Not too long ago I was sitting at one of the outside tables at a restaurant on the Gulf Coast of Florida enjoying the radiant, purple-blue sunset and thinking that my favorite food in the world was a fresh black grouper sandwich, which, coincidently, I happened to be eating. Suddenly, out of the purple-blue and over my right shoulder, I caught a snatch of conversation:

"What I like best is the food I ate when I was 6 years old."

"You're right!" I blurted. Of course it is; to a child food is an ongoing adventure in taste--an uncomplicated series of accepted or rejected discoveries. Other than eating, a child's involvement in the process--planning, shopping, preparation, serving and then cleaning up--is small and, best of all, he doesn't even have to pay!

In my case it went even farther: There couldn't have been a 6-year-old in the world who ate better than I. My mother, a New Englander, was a superlative cook and Sally Mae, who worked for my family, was, in her own right, Mother's equal. Sally Mae, though, was a specialist in what has recently come to be known as soul food, a cuisine we recognized and referred to as Like Sally Mae's: "Can't you make it Like Sally Mae's, Mom?"

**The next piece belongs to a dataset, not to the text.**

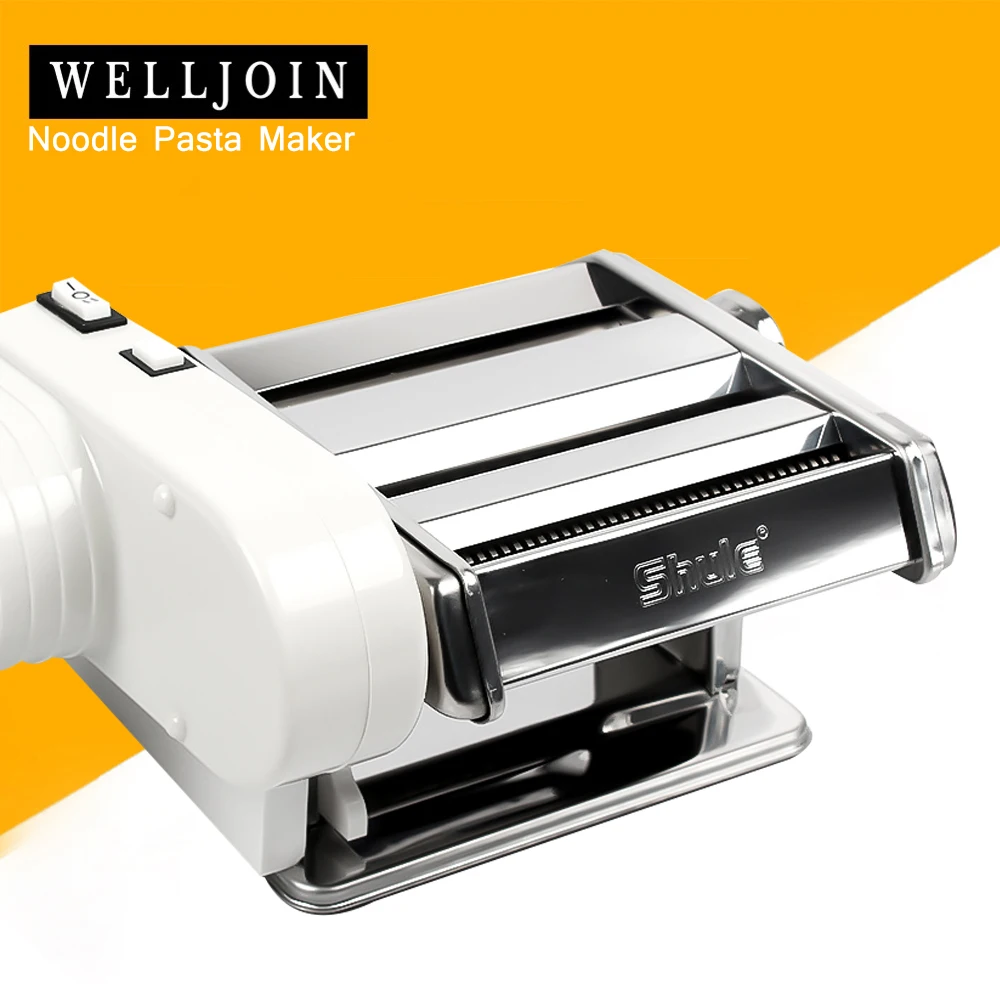 Automatic electric pasta noodle machine home stainless steel Lasagne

Every year my parents took two vacations: One with us kids and one without. During the latter we were left in Sally Mae's charge and, after we'd ravaged Mother's thoughtful stockpile of groceries, Sally Mae, who was from south Georgia, hit her stride: We ate fried chicken and corn bread, fried mullet, catfish in a crunchy cornmeal batter, pork chops, ham hocks, chitterlings and ribs. There were collard greens that had simmered for hours with bacon and salt pork; black-eyed peas flavored with okra, bacon and molasses; big servings of fluffy-white rice and, instead of ice cream for dessert, we had the most wonderful thing in the world: warm sweet-potato pie.

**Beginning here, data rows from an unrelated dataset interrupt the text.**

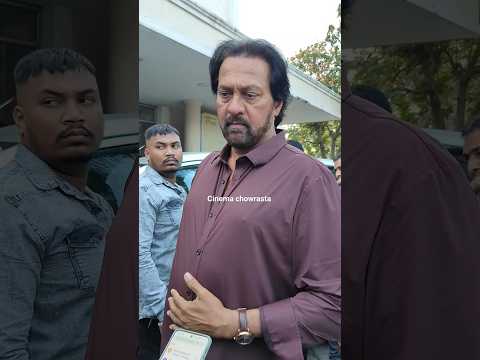 ఒకప్పటి టాప్ హీరో వినోద్ కుమార్!Actor Vinod Kumar Exclusive video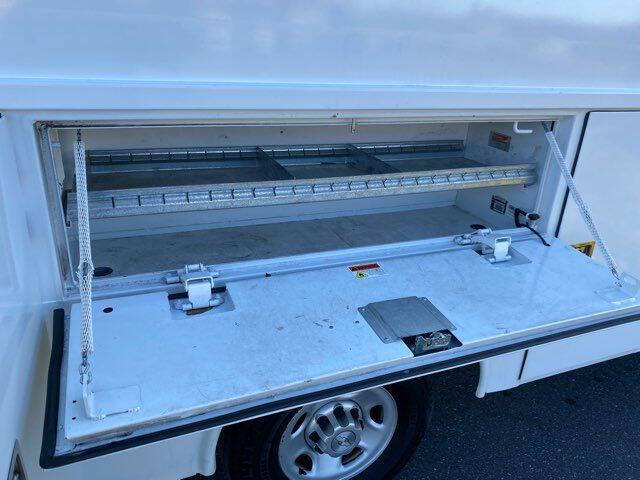 2019 Chevrolet Express 3500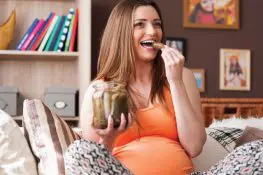 Eating Pickles During Pregnancy- All You Need To Know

That was eating at its carefree finest and, although I was a little too young to appreciate what the food was, or to understand its Afro-American origins, Sally Mae's food made a lifelong impression on me.

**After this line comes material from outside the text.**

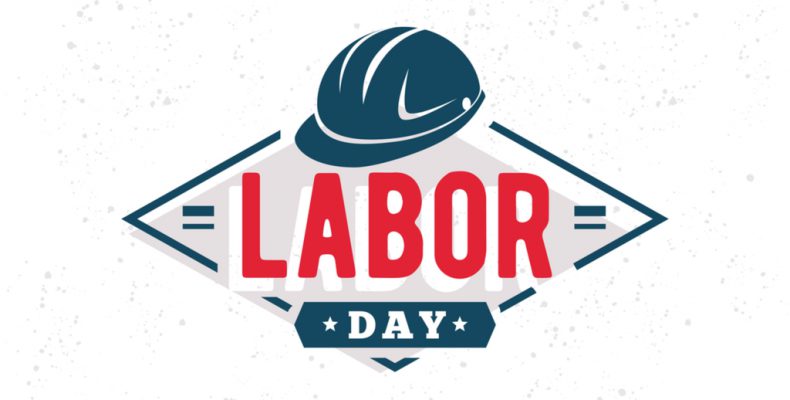 Happy Labor Day 2019! Cover Photo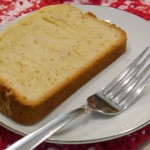 Pound Cake in Bread Machine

Of all the dishes she fixed (she never cooked), her sweet-potato pie remains the most memorable; it was divine--a creamy-warm sweetness that could, and did, follow any meal.

The pie was similar in color and texture to pumpkin pie, but it was far more subtle and delicately flavored. That, I suppose, was due to the sweet potato, which is not even a second cousin to our white potato, but instead, a close relative of the morning glory. The sweet potato is the root of a tropical vine indigenous to the western hemisphere. In fact, it was cultivated and widely used by the Pre-Colombians, but never, I suspect, was the sweet potato used as well as it was by Sally Mae.

Sally Mae kept her recipes in her head, and--let this be a lesson to those who did likewise--she took them all to her grave. The following recipe represents years of evolution and countless visits to soul food restaurants throughout the South and from coast to coast, but it would, I believe, have gone neck and neck with the original. SWEET-POTATO PIE (Makes 1 9-inch pie) 3 to 4 medium sweet potatoes (1 pound), peeled and quartered 4 tablespoons butter 1/2 cup brown sugar 3 lightly beaten eggs 1/2 cup milk 1/3 cup light corn syrup 1 teaspoon minced lemon peel 1 teaspoon vanilla 1/4 teaspoon nutmeg Pinch salt 1 9-inch deep-dish single-crust pie shell, fully baked*

There are, by the way, two types of sweet potato, and they are vastly different: one is dry, with meat that is pink to yellow in color, and the other, the one this recipe calls for, is moist and soft with orange-colored meat. It is frequently--and erroneously--referred to as a yam.

Immerse the quartered sweet potatoes in boiling water and cook, uncovered, until they are tender (9 to 13 minutes). Dry the sweet potatoes on paper towels and then pure'e them in a food processor. If a processor is not available, rub the sweet potatoes through a fine sieve with the back of a spoon. Set aside, and allow to cool.

Beat the butter and brown sugar together with a wooden spoon in a deep mixing bowl. When the mixture is fluffy, add the pure'ed sweet potatoes and, still beating, gradually add the eggs. Add the remaining ingredients and continue beating until the filling is completely smooth.

Pour the filling evenly into the shell, and place the pie in a 450-degree oven. Reduce the temperature to 325 degrees after 10 minutes, and bake for another 30 minutes, or until a toothpick comes out clean.

Sweet potato pie can be served warm (my preference) or at room temperature.

*Note: Use a basic pie crust recipe from any good book, equalizing, if necessary, the amounts of butter and shortening. Also, add 1 tablespoon sugar. Fully bake the shell before filling it.